Wat gaan wij progressieven daartegenover stellen? Loopt GroenLinks na twee keer nog een derde keer weg? D66 zal het progressieve motorblok bij elkaar proberen te houden. Dat is de verantwoordelijkheid van onze radicaal-pragmatische traditie. Dat is wie wij zijn.

We doen dit op voorwaarde dat de progressieve democratische politiek niet steunt op blinde loyaliteit of identiteit. Dan zijn we geen haar beter dan de PVV. Wij bedrijven ideeënpolitiek.

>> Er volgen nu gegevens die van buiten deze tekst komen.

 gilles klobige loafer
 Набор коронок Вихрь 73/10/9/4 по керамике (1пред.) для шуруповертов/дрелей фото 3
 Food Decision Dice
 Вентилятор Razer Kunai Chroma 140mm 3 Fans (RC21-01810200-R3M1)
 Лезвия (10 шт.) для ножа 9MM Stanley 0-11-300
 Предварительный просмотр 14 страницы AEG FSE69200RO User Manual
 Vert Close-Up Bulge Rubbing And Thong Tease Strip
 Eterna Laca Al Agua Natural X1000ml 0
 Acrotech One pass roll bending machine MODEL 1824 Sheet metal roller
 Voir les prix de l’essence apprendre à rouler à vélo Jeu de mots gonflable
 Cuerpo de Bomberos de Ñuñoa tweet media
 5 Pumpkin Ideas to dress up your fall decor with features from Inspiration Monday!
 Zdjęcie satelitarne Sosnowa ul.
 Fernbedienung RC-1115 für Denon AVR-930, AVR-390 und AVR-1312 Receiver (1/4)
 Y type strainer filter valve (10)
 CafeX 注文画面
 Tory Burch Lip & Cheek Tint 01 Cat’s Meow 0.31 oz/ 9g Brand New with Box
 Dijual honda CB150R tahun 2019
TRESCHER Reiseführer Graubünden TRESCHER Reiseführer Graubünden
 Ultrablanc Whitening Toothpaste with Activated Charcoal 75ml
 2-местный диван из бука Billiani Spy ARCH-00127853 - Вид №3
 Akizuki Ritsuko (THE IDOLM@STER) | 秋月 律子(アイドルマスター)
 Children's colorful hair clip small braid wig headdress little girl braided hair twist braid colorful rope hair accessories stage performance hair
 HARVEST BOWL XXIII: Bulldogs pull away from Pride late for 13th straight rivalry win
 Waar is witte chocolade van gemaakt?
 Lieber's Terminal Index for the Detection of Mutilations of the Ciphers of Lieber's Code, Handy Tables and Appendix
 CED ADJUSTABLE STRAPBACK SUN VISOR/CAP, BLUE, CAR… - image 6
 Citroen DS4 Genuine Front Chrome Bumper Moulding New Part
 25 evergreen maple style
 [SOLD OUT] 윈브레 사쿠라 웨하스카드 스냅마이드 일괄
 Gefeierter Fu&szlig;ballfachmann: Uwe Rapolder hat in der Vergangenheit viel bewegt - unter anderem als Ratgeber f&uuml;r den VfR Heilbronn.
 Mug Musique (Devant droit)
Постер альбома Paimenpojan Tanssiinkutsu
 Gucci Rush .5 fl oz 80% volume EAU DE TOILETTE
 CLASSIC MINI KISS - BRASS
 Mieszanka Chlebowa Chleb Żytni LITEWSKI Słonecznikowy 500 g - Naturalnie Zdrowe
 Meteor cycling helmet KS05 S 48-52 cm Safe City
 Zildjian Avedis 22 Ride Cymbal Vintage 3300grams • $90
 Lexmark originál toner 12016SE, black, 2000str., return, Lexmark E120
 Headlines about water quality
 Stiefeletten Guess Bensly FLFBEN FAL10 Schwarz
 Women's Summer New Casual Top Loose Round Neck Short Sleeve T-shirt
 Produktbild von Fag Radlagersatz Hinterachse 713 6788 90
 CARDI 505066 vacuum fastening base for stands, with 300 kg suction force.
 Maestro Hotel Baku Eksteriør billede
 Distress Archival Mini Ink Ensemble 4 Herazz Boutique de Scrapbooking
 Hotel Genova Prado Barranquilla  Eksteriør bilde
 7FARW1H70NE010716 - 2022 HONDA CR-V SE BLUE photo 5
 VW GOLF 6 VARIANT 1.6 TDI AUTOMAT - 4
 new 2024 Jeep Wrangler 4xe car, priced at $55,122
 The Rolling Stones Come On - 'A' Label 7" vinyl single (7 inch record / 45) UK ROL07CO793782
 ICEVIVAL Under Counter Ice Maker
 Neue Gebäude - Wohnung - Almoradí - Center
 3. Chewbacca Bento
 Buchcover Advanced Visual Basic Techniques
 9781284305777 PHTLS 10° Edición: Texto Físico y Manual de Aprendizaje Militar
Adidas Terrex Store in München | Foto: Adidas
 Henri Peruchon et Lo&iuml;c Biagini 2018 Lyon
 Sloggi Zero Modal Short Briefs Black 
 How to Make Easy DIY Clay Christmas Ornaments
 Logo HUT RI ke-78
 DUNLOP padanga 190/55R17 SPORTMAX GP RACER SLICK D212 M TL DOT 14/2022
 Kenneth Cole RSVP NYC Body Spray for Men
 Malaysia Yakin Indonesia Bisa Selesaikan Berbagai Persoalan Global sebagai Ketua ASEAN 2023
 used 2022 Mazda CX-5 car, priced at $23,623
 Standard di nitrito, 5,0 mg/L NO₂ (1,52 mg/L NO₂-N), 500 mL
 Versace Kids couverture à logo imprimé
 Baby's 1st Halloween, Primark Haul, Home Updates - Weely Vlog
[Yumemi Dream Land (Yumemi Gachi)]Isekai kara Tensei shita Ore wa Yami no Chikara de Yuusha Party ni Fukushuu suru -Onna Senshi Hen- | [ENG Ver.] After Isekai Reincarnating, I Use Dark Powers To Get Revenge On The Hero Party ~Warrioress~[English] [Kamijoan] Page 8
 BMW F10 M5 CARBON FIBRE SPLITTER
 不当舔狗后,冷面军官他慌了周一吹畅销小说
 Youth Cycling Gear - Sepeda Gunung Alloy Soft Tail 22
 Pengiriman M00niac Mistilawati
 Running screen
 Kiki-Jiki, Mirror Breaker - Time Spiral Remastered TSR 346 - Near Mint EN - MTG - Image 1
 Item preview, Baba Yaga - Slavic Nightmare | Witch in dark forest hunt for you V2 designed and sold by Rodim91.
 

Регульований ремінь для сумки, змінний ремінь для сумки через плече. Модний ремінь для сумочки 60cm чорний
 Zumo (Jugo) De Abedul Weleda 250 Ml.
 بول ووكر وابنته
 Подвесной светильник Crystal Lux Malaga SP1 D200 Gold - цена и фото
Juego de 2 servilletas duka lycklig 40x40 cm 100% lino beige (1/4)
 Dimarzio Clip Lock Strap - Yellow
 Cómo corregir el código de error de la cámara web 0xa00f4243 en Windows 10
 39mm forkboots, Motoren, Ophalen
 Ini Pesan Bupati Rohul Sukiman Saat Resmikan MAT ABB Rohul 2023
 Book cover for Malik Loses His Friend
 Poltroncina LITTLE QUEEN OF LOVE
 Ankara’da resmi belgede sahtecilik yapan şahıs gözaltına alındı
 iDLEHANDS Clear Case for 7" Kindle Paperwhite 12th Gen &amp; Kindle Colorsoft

Niet vanuit de tijdloze starheid van ideologie, maar steunend op een analyse van de wereld zoals die is in het hier en nu.

Het gaat uitstekend met Nederland, maar de afgelopen decennia zijn ook nieuwe muren ontstaan in onze samenleving.

Muren tussen mensen met en mensen zonder zekerheid.

Tussen mensen met wortels in Nederland en mensen met wortels elders.

En tussen mensen met macht en mensen zonder macht.

Als ik vandaag iets van jullie wil vragen is het dit: help ons de sloophamer op te pakken! Wat vinden jullie? Wat moeten we doen? Welke oplossingen zijn rechtvaardig voor jonge mensen? Ik sluit niet uit dat we het af en toe oneens zullen zijn. En ik waarschuw maar alvast dat het JD-kroonjuweel van de opheffing van het verbod op openbaar dronkenschap, kan moeilijk het antwoord op alles zijn.

De taak voor radicalen, jong en oud, is om de rustige vijver van de politiek in beweging brengen. Roeren in stilstaand water.

Ik kan niet voor jullie bepalen wat radicaal is. Radicalisme wordt op verschillende golflengten uitgezonden. Is het de verhoging van de vermogensbelasting? De afschaffing van privé-onderwijs? Het verlagen van de stemgerechtigde leeftijd naar zestien?

Ik weet wel: dat jullie hier zijn is een radicale daad op zich. Leg maar eens uit in de bus waarin jullie hiernaartoe gekomen zijn dat meer dan tweehonderd jonge mensen hier in een oververhitte kerk in Amsterdam een weekend lang debatteren over de vrijzinnige politiek.

En als JD’er én D66’er weet ik zeker: jullie slaan de golven waar D66 op surft. Of die vrijzinnige golf ooit tegen de deur van het Torentje aan zal slaan is voor een belangrijk deel afhankelijk van jullie enthousiasme en van onze samenwerking.

Het kan als wij het willen. Zoek de radicaal in jezelf!